According to Shanghai Metals Market, operating rates across Chinese processors of aluminium plate, sheet, and strip are estimated to decline to 65 per cent in January, down three percentage points from the revised reading in December. On a yearly basis, operating rates in January are expected to decline two percentage points, SMM learned.

The reason behind this estimated fall in downstream aluminium operating rates in January could be the week-long Chinese New Year break as it affected some operations. While some processors started their CNY holiday as early as on January 20, reducing the average operating rate in the industry.

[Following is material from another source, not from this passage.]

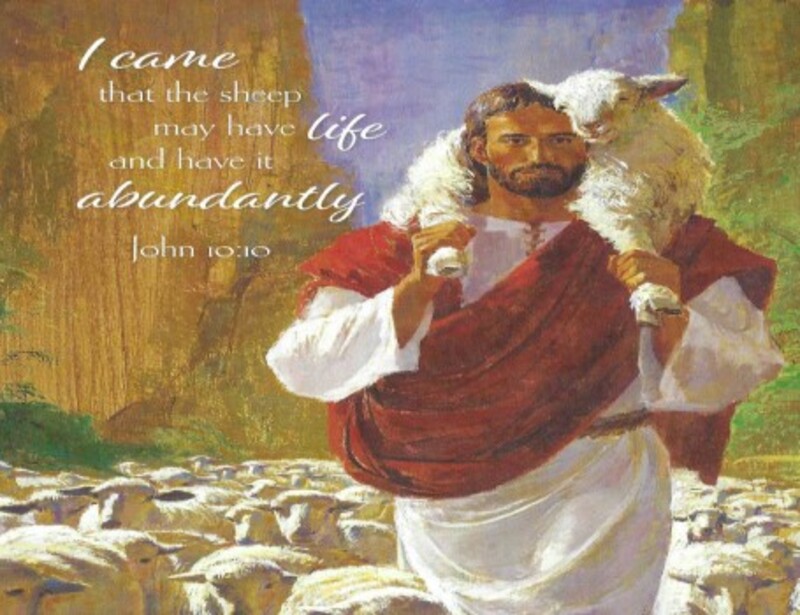 Worship Service - Fourth Sunday of Easter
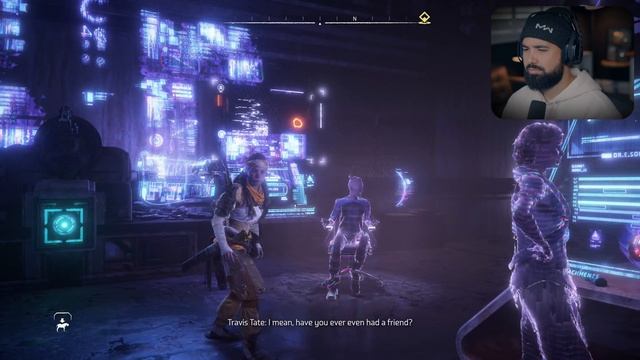 Horizon Forbidden West PS5 - Part 4 - HADES смотреть онлайн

On the other hand, though some large-sized firms with annual capacity above 150,000 tonnes maintained stable operation during the holiday, their year-end maintenance on equipment affected production by up to three days.
Suspension of logistic services ahead of CNY buoyed delivery costs, and this also capped production at those processors.

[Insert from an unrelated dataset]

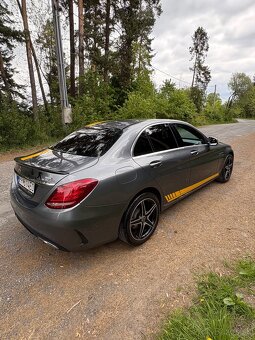 Mercedes-Benz C 220 4MATIC - 8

As SMM forecasts, overcapacity issue is likely to continue in the aluminium plate, sheet, and strip processing industry even in 2019. Competition for market share is estimated to further weigh on processing fees, but there is still room for profit margins.

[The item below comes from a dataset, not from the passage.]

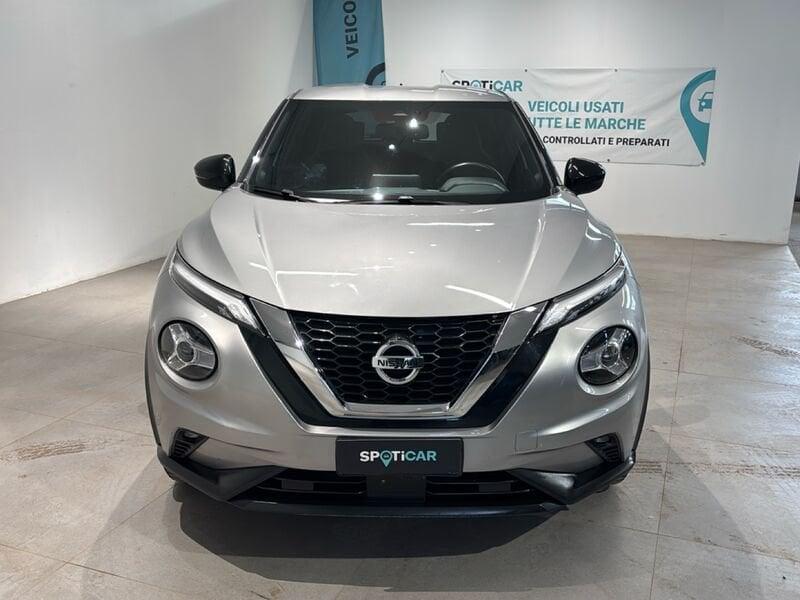 Nissan Juke 1.0 DIG-T 114 Dct N-Connecta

However, a large number of processors are optimistic about production in March given their current unfulfilled orders. SMM learned that downstream orders from the construction sector improved and from metal packaging remained stability, but orders from the electronic product sector weakened in slack season.
In January, the ratio of raw materials inventory to the estimated output at those processors for February stood at 15.3 per cent, compared with 11.8 per cent in December as processors stockpiled for CNY. High in-plant inventories of raw materials are likely to ease from February 10. The ratio of finished products inventory to the estimated output for the same month came in at 40.9 per cent, up from 39.2 per cent in December.